Binary vs. multi-class classification

• Binary classification: sorting inputs into one of two labels
  • E.g., spam vs. not spam
• Multi-class classification: more than two labels
  • E.g., face recognition with n possible identities
  • E.g., image classification (cat, dog, person, other)
• Today: focus on binary classification with logistic regression

Part 1: Foundations of logistic regression

Motivation, log-odds, and the logistic function.

Example dataset: Email spam

### Loading the tidyverse
library(tidyverse)

df_spam = read_csv("https://raw.githubusercontent.com/seantrott/ucsd_css211_datasets/main/main/logistic/spam.csv")
nrow(df_spam)

[1] 3921

Dataset contains information about emails and whether they were spam, along with various features like number of characters, whether they contain certain words, etc.

Why not linear regression?

• spam is coded as 0 (no) or 1 (yes)
• Could we treat this as continuous and use linear regression?
• Interpret prediction \(\hat{y}\) as probability of outcome?

💭 Check-in

What issues might arise here?

The problem: predictions beyond [0,1]

ggplot(df_spam, aes(x = num_char, y = spam)) +
  geom_point(alpha = 0.3) +
  geom_smooth(method = "lm", se = FALSE) +
  labs(x = "Number of characters",
       y = "Spam (0 = no, 1 = yes)") +
  theme_minimal()

Linear model generates predictions outside [0,1], but probability must be bounded!

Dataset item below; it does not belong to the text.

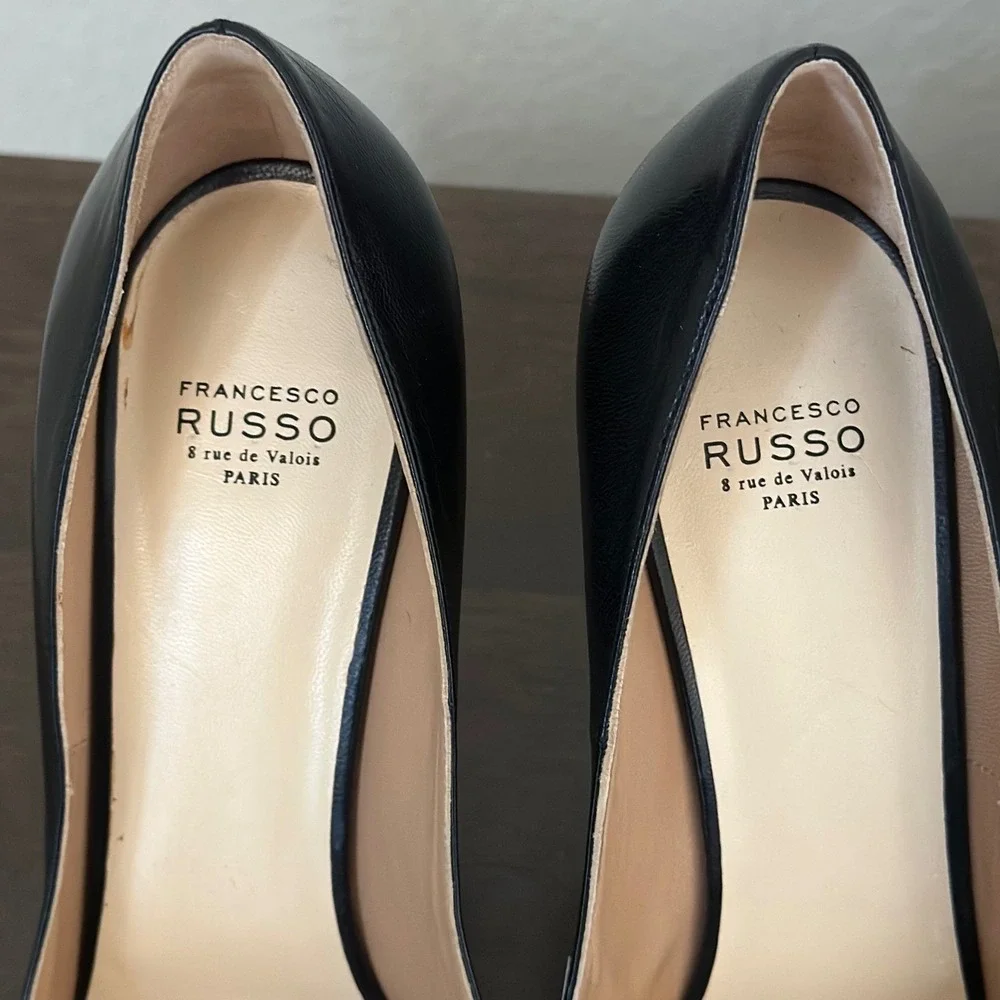 Francesco Russo Black Leather Pointed Toe CutOut Stiletto‎ Heel Pump Paris 38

Framing the problem probabilistically

• Treat each outcome as Bernoulli trials: “success” (spam) vs. “failure” (not spam)
• Each observation has independent probability of success: \(p\)
• On its own: \(p\) = proportion of spam emails
• Goal: model \(p\) conditioned on other variables, i.e., \(P(Y = 1 | X)\)

Question: What does \(p\) on its own remind you of from linear regression?

Answer: The intercept-only model (the mean of \(Y\))

Generalized linear models (GLMs)

Generalized linear models (GLMs) are generalizations of linear regression.

Each GLM has:

1. A probability distribution for the outcome variable
2. A linear model: \(\beta_0 + \beta_1 X_1 + ... + \beta_k X_k\)
3. A link function relating the linear model to the outcome

We need a function that links our linear model to a probability score bounded at [0, 1].

Common GLMs

Model name	Distribution	Link function	Use cases	Example
Linear regression	Normal	Identity	Continuous response	Height, price
Logistic regression	Bernoulli/Binomial	Logit	Binary response	Spam, fraud
Poisson regression	Poisson	Log	Count data	# words, # visitors

Today: logistic regression

The logit link function

Logistic regression uses the logit link function:

\[\text{logit}(p) = \log\left(\frac{p}{1-p}\right)\]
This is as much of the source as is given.